Diego Ruvidotti nasce nel 1958 a Bolzano e da una decina d’anni risiede in Umbria. Lo conosco credo dal 2013 e ne ho sempre apprezzato le qualità artistiche perché lo trovo un trombettista molto interessante nel vasto panorama del jazz italiano. Ho seguito alcuni dei progetti portati avanti nel corso del tempo come “Dream Machine”, “LGM 5et”, “Diego Ruvidotti Quartet”, il duo con il chitarrista Toti Panzanelli e le numerose collaborazioni nei lavori di altri musicisti, avendo anche l’opportunità di assistere più volte ai suoi concerti.
Quando pochi giorni fa ho appreso della pubblicazione di un nuovo lavoro subito pensato di ascoltarlo e dopo averlo contattato, solo qualche sera fa, l’ho fatto insieme a lui ed al buon amico Fabrizio Orcidi, che ci ha ospitato a casa sua, in una dimensione molto rilassata; ecco le mie impressioni.
Non a caso il disco, pubblicato da Musitalia, dal titolo “Kill the hurry”, la cui traduzione è “Uccidi la fretta”, è stato ideato, pensato, campionato e suonato dal trombettista tranne alcuni interventi di cui parleremo dopo.

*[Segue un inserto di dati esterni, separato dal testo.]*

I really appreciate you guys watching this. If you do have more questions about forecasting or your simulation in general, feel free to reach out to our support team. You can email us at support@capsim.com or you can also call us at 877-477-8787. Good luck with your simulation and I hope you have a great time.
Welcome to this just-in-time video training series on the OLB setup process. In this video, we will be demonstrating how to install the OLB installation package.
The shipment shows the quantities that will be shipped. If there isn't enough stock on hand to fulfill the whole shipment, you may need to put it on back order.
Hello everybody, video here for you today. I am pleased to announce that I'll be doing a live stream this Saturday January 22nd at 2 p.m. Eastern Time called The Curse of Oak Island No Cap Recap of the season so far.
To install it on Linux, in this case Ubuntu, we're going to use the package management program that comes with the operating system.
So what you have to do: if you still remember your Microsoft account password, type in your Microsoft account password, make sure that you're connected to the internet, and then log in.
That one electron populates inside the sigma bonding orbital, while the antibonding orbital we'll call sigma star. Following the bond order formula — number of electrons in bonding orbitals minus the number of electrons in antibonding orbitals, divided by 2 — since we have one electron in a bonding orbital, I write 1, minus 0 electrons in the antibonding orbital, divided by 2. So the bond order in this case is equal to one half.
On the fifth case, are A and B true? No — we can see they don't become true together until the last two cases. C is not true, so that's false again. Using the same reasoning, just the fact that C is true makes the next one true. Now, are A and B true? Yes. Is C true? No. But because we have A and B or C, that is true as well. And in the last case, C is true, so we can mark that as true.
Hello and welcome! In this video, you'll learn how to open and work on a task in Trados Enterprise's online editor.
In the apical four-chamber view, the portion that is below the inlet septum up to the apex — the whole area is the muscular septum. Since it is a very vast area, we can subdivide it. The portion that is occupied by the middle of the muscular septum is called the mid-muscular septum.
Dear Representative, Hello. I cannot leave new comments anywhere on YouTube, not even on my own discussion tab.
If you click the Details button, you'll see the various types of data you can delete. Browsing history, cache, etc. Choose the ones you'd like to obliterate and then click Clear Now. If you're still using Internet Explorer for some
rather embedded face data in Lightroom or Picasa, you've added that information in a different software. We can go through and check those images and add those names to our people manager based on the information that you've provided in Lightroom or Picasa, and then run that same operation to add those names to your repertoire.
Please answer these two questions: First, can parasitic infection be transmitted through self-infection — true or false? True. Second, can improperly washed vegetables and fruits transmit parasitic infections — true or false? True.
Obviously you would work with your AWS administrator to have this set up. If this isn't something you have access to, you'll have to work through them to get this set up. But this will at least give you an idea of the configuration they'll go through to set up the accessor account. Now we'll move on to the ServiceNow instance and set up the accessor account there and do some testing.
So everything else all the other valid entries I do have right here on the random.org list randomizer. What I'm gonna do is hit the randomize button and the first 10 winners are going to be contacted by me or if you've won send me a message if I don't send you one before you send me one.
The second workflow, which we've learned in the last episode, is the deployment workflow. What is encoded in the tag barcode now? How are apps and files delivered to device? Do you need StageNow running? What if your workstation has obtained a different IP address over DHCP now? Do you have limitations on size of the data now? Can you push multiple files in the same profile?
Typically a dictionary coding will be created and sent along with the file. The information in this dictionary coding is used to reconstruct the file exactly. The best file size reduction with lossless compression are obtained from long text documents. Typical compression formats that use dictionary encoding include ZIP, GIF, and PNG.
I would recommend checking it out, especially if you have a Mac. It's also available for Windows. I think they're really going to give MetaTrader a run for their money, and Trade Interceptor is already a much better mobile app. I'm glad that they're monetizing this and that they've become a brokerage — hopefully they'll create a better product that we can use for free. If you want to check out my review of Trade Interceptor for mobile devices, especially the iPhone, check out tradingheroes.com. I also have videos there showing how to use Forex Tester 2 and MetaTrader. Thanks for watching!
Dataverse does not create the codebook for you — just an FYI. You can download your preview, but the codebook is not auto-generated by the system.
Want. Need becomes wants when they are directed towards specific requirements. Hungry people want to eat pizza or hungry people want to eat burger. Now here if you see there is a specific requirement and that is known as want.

È in parte figlio del lockdown, e realizzato appunto senza fretta, in quanto il musicista mi ha rivelato che lo scorso anno, visto anche il fermo concertistico, aveva pronti alcuni brani che ha poi pubblicato in varie piattaforme digitali ed ha pensato di aggiungere, durante la scorsa primavera, altre tracce, per formare un lavoro della durata di circa 70 minuti, che risulta molto gradevole.
La scelta del musicista è stata quella di utilizzare la tecnologia ed avvalersi di un supporto ritmico elettronico ma la peculiarità sta anche nell’utilizzo di campionamenti di suoni tra i più disparati, che opportunamente processati, contribuiscono a creare un’atmosfera che coniuga il lirismo di tromba e flicorno a suoni apparentemente più freddi che tuttavia si sposano bene.
Tredici sono i brani che compongono l’album, interamente composto dal trombettista, che si avvale soltanto nelle tracce 1 (alla voce), e 3 (alle percussioni), del figlio Lorenzo Ruvidotti e del chitarrista Alessandro Degasperi nella 7.
Se si infila il disco nel lettore cd (tornando a casa avrei voluto farlo ma ormai le auto non ne sono più provviste), ci si immerge in una colonna sonora dei tempi moderni.
Tra le tracce che mi sono piaciute maggiormente “A bit blue”, “Far and near”, “Chill bop”, “Black roots”, “Upward” e “Something true”.
La grafica e le foto sono dell’altro figlio, Marcello Ruvidotti, fotografo / videomaker e fresco vincitore del premio FIP Award 2021; molto bella quella della retrocopertina, che alleghiamo.